How to complete this task: Note on the material below: return exactly the lines from the line that holds "500pcs Black Thank" through the line that holds "USB�[�d �h���h�� �^��/�A�E�g�h�A/����/���O�p", and leave out each picture.

Data for this exercise:
━━━━━━

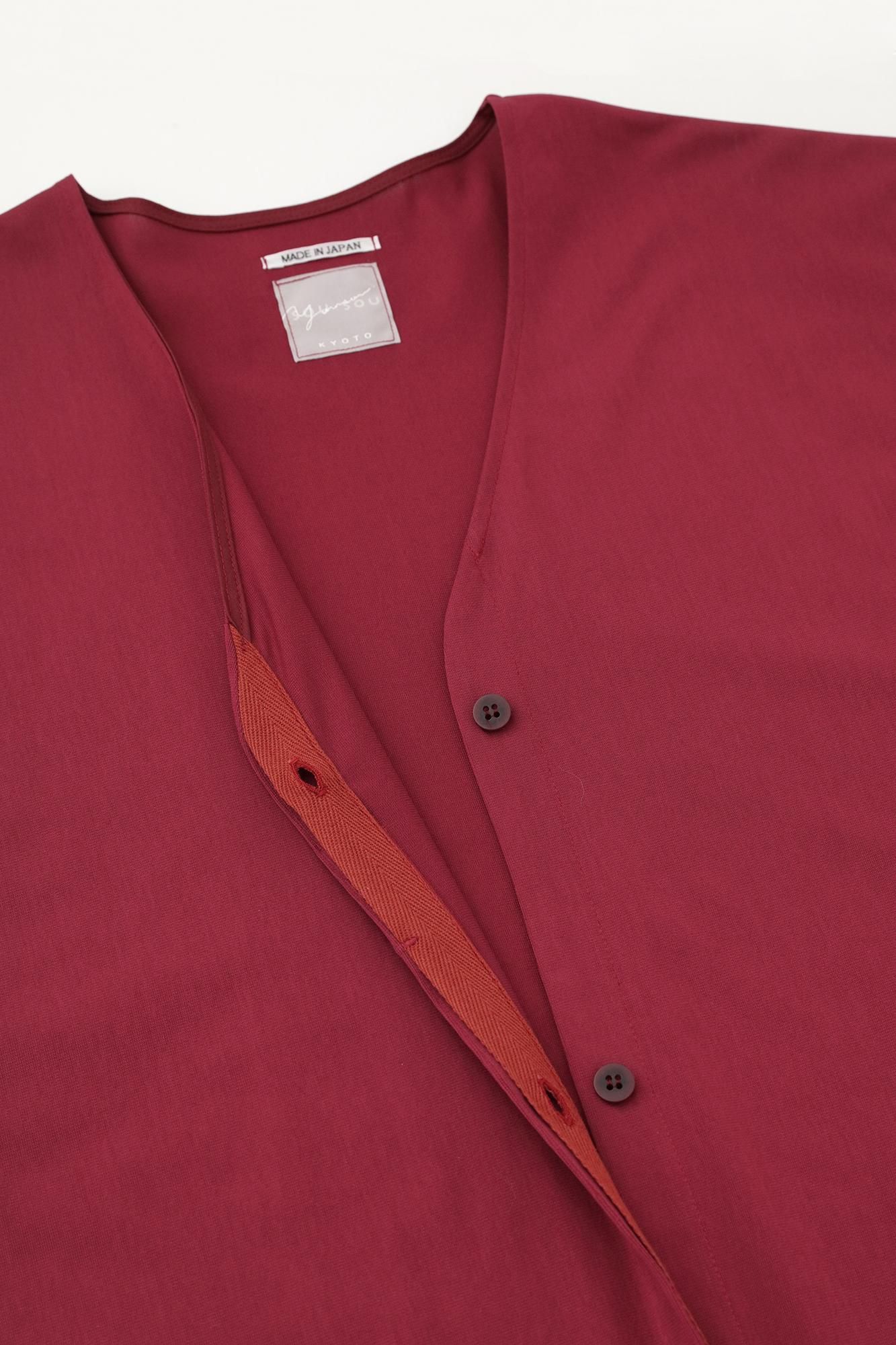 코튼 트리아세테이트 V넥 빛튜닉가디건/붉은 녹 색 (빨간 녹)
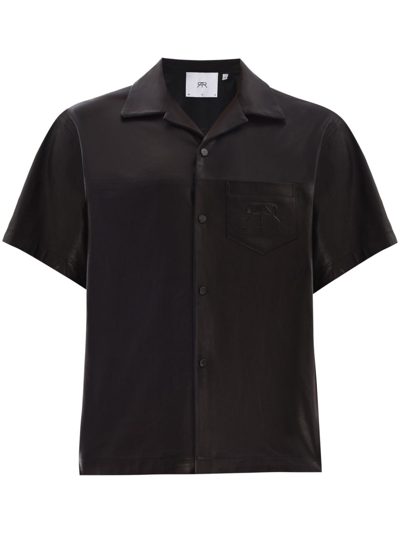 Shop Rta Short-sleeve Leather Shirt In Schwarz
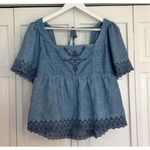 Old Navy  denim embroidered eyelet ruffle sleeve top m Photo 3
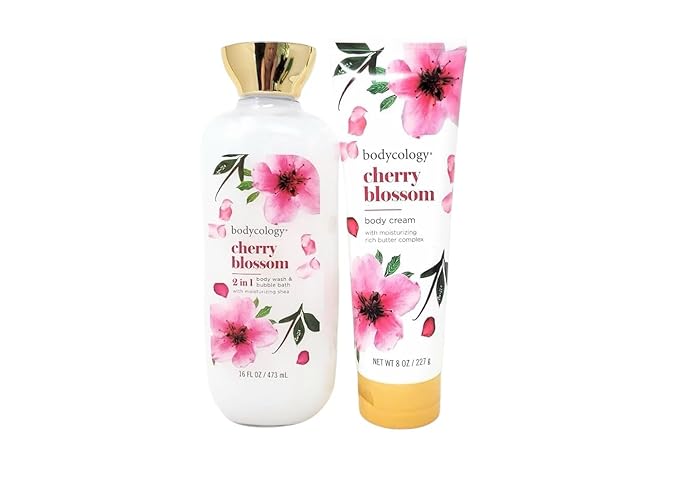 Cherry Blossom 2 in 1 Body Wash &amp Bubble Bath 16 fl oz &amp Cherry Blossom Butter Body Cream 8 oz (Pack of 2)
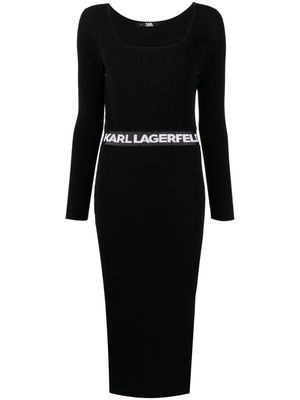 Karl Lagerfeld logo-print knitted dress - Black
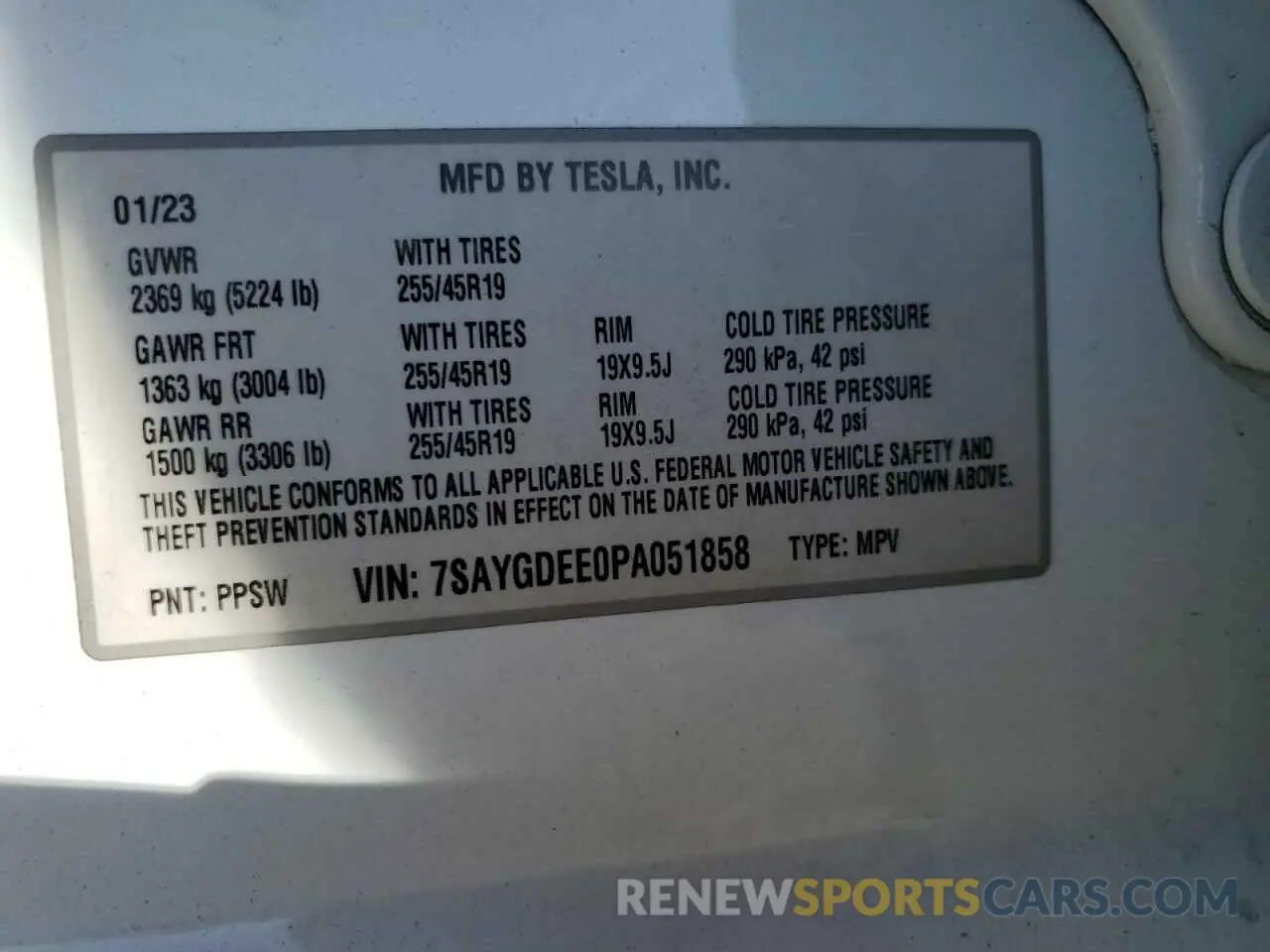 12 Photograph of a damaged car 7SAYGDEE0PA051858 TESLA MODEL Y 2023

━━━━━━

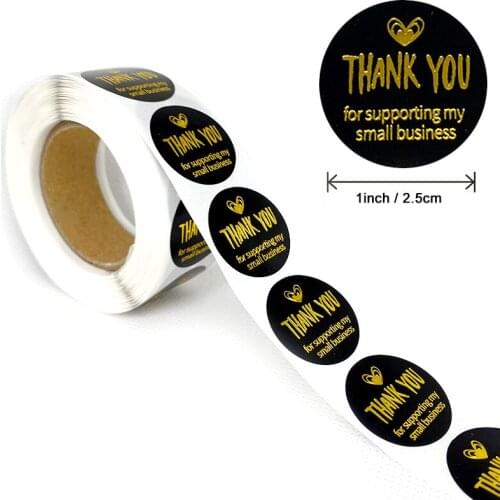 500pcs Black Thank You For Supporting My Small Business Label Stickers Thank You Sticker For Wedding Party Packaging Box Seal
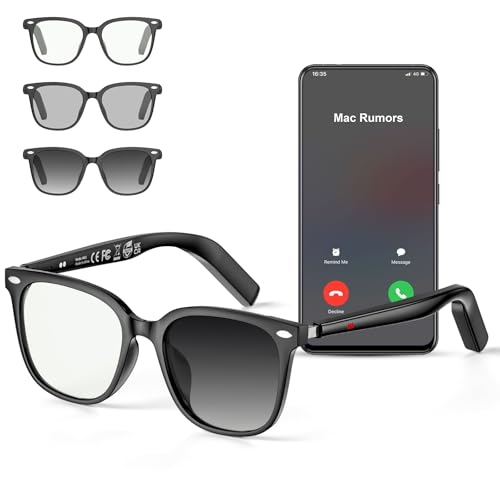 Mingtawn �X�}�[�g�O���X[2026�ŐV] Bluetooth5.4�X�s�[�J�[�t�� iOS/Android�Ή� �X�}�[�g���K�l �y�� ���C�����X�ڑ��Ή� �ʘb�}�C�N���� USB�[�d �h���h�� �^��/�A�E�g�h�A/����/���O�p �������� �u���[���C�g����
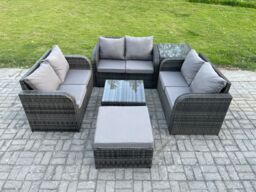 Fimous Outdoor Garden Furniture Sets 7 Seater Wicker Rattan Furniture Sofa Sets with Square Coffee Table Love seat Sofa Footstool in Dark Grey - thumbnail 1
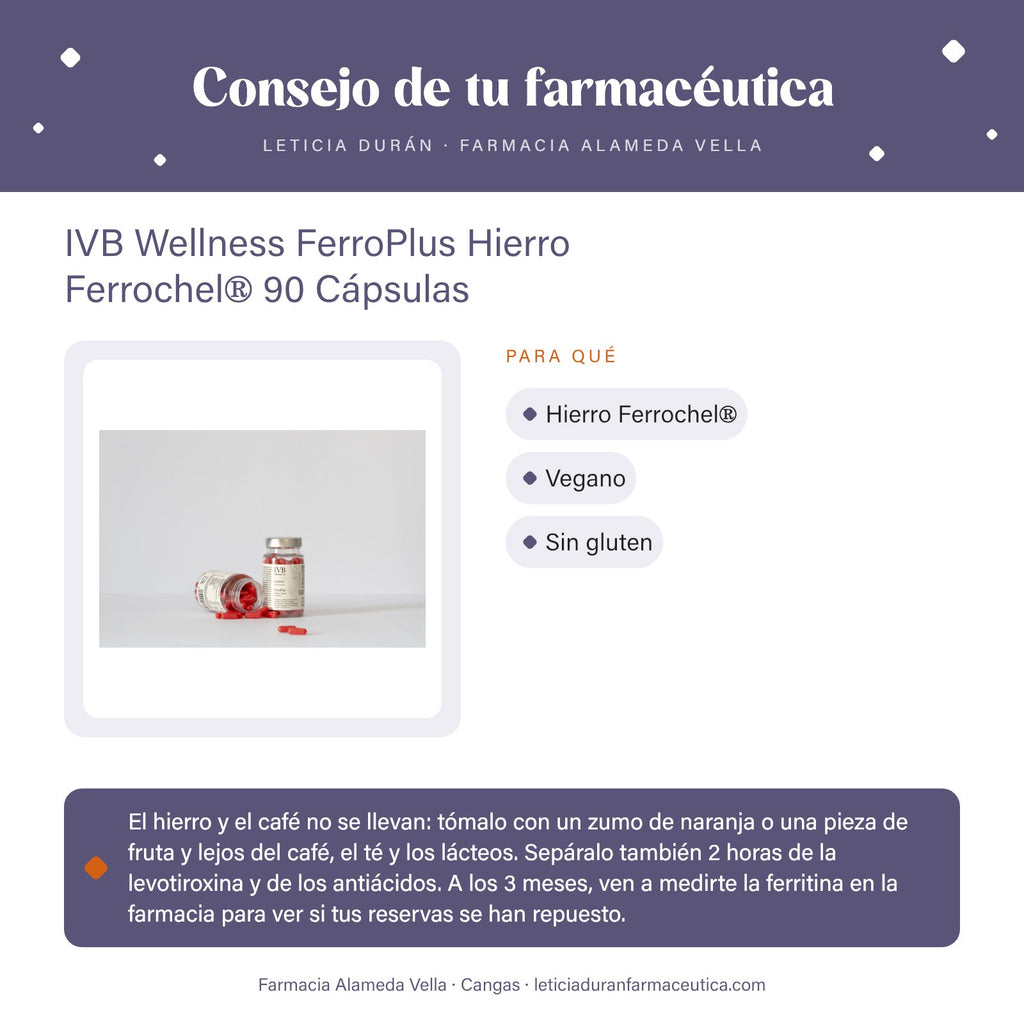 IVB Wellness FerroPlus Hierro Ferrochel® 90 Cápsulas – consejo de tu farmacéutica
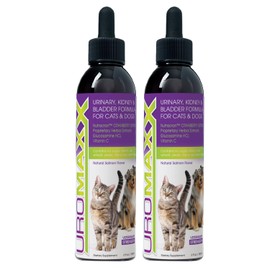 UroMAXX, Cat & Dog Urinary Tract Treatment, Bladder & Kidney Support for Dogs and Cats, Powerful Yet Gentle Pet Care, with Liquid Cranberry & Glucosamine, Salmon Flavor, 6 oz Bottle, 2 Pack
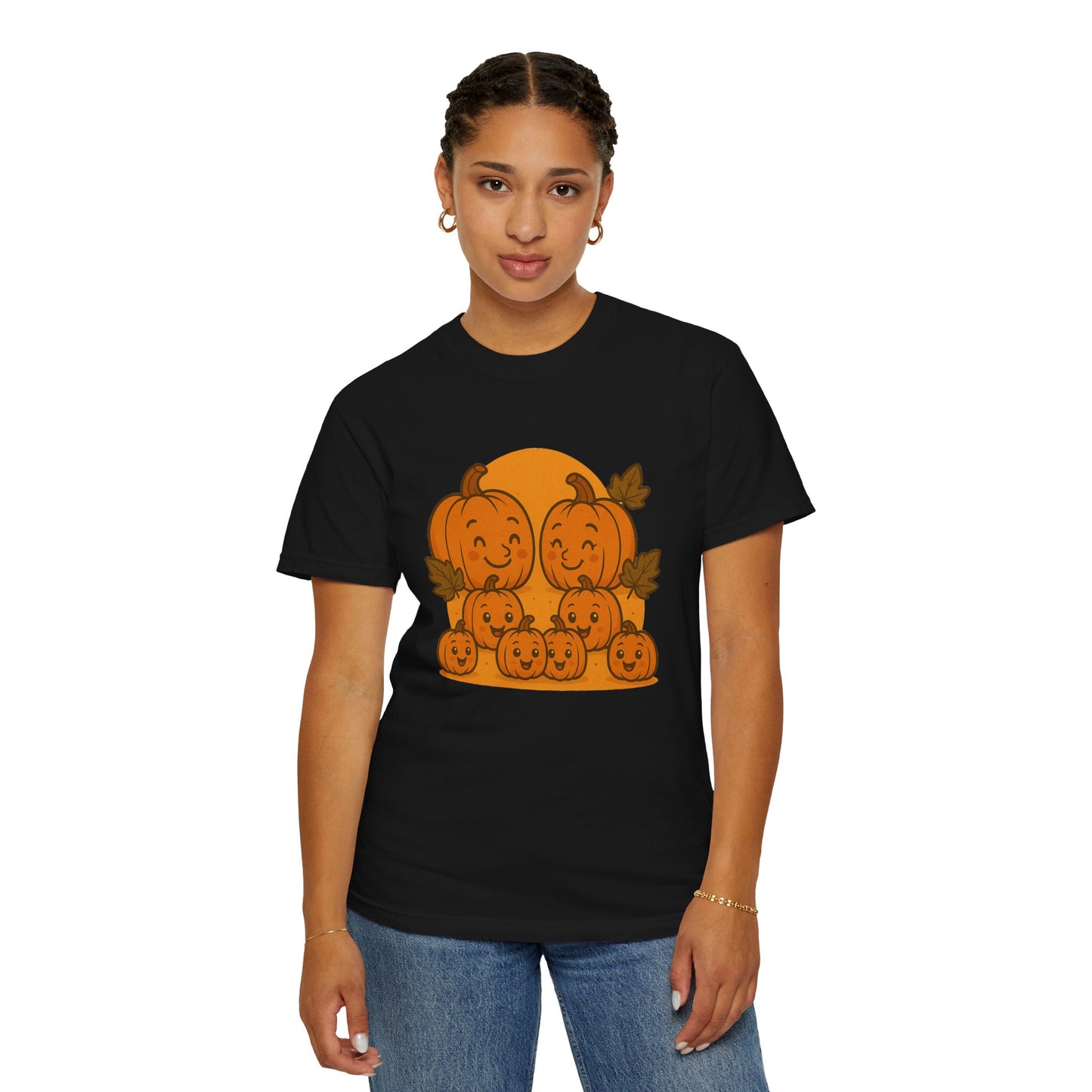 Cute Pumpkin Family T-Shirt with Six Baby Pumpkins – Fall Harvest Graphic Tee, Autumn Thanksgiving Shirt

━━━━━━

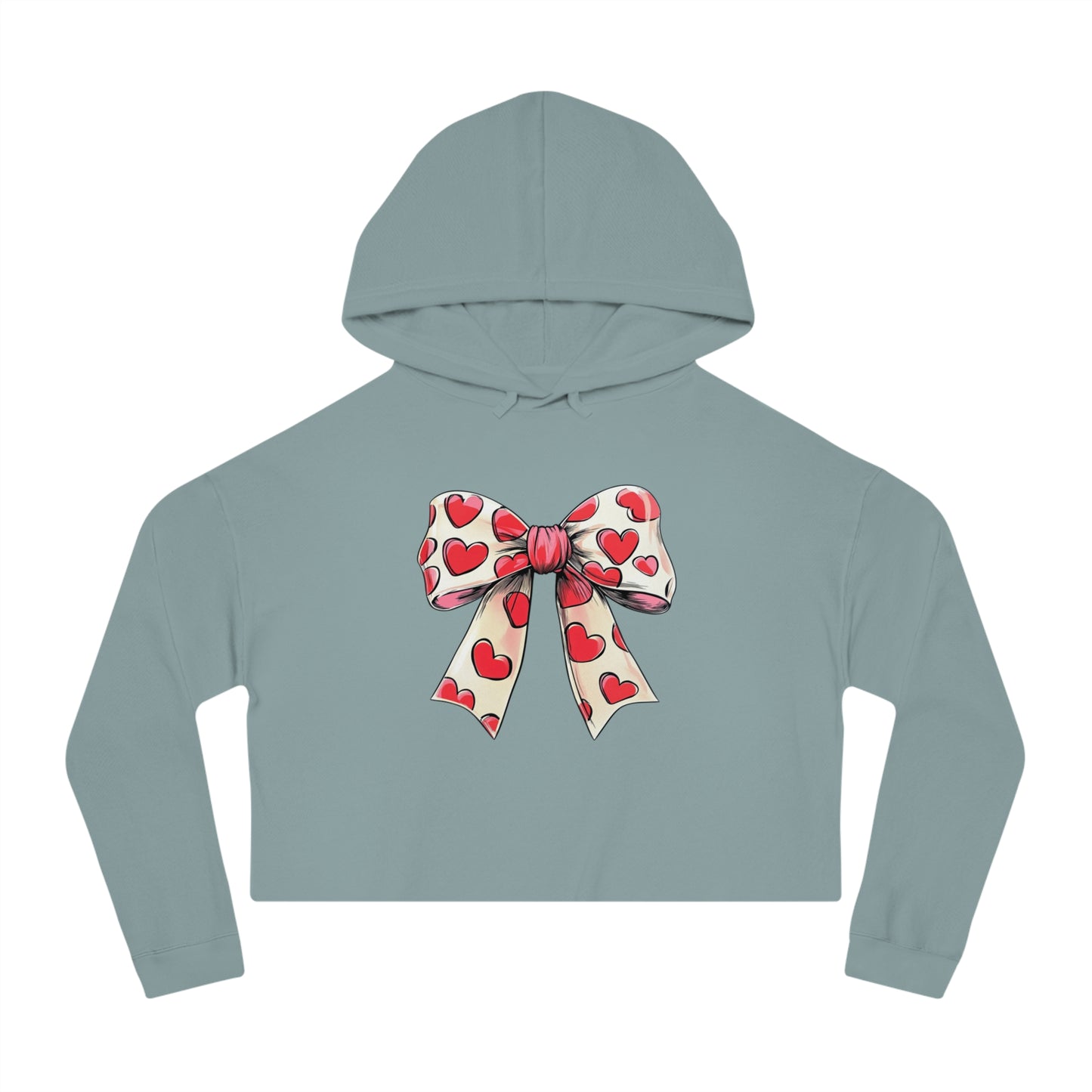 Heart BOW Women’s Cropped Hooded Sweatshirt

━━━━━━

Task answer:
 500pcs Black Thank You For Supporting My Small Business Label Stickers Thank You Sticker For Wedding Party Packaging Box Seal
 Mingtawn �X�}�[�g�O���X[2026�ŐV] Bluetooth5.4�X�s�[�J�[�t�� iOS/Android�Ή� �X�}�[�g���K�l �y�� ���C�����X�ڑ��Ή� �ʘb�}�C�N���� USB�[�d �h���h�� �^��/�A�E�g�h�A/����/���O�p �������� �u���[���C�g����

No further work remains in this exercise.